Reputation: 55
I created a Needham time tree (http://www.markhneedham.com/blog/2014/04/19/neo4j-cypher-creating-a-time-tree-down-to-the-day/) going down to the hour. On each hour node I stored the epoch time
CREATE (h:Hour {hour: hour, day:day, month: month, year:year, time: apoc.date.parse(year +"-"+month+"-"+day+" "+hour+":00", "s", "yyyy-MM-dd hh:mm")})
Now I want to link events that happened within that hour to the hour node. I did this with the following query:
//Create one example event node
create (e:Event {time: apoc.date.parse("2017-11-17 13:15", "s", "yyyy-mm-dd HH:mm")})
with e
match (h:Hour) where h.time <= e.time and (h.time+3600) > e.time
merge (e)-[:IN_HOUR]->(h)
I indexed both the event time and hour time.
This works well for small groups of events but when I scale the events up to the hundreds of thousands range it goes VERY slowly. (On the order of a few hundred to 1000 relationships per hour)
How can I do this faster?
I tried both
match (e:Event) ...`
and using load CSV
to iterate over each event, match it to an existing event node and then create a relationship to the time tree.
`
Upvotes: 0
Views: 74
Reputation: 66967
[EDITED]
First, create an index on :Hour(time)
:
CREATE INDEX ON :Hour(time);
Then, change your query to the following (assuming that you pass the event time as a event_time
parameter:
CREATE (e:Event {time: apoc.date.parse($event_time, "s", "yyyy-MM-dd HH:mm")})
WITH e
MATCH (h:Hour {time: e.time/3600*3600})
USING INDEX h:Hour(timer)
MERGE (e)-[:IN_HOUR]->(h);
The expression e.time/3600*3600
rounds e.time
down to the nearest hour (but is still in seconds units). Since :Hour(time)
is indexed, the MATCH
should be be fast.
NOTE: The USING INDEX
clause is there to give the Cypher Planner a hint that it should take advantage of the index. The planner does not aleways do that. If you the PROFILE your queries, you can see if giving a hint is necessary.

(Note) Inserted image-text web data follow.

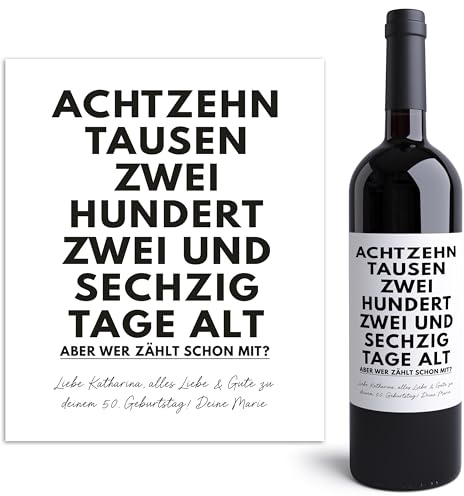 Flaschenetiketten 50. Geburtstag Geschenk personalisiert Weinetiketten selbst gestalten Geburtstagsgeschenk Wein Etiketten 2 Stück | 10x12 cm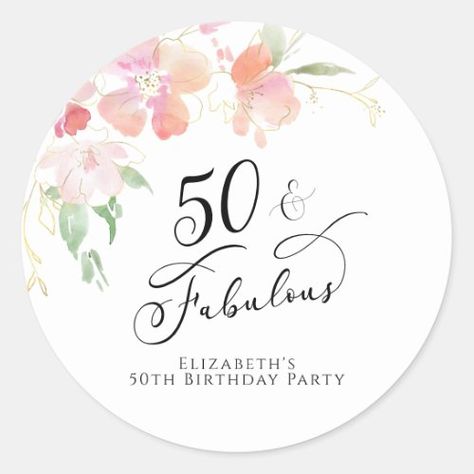 50th Birthday Pink Floral Watercolor for $7.25 - Birthday Stickers 50th Birthday Party Favors, Pink Floral Watercolor, Sixtieth Birthday, Watercolor Bouquet, 60th Birthday Party, 25th Birthday, Birthday Stickers, 50th Birthday Party, Sticker Size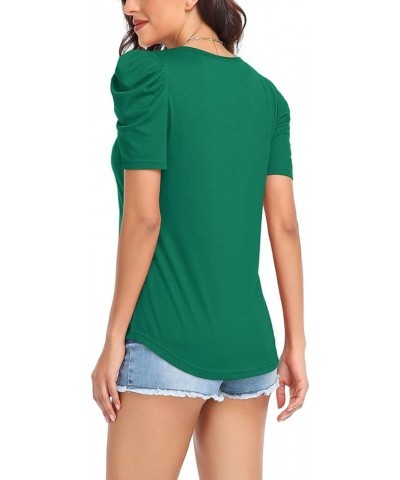 Women's Summer V Neck Tshirts Casual Puff Sleeve Tops Shirts Dark Green $13.12 T-Shirts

You query cannot make use of the index, since its WHERE
clause is too complex.
Upvotes: 1
Reputation: 55
Here is the solution I landed on:
thanks to cybersam I realized my where clause was too complicated for the indexing to work. Unfortunately cybersam's approach was just as slow. I removed the calculation from the match
by updating the (:Event) nodes by adding an timeHour
property (and indexing it)
match (e:Event) set e.timeHour = e.time/3600*3600
Then I was able to join a few hundred thousand relationship in 3 seconds by doing:
match (e:Event)
match (h:Hour) where h.time = e.timeHour
merge (e)-[:IN_HOUR]->(h)
Upvotes: 0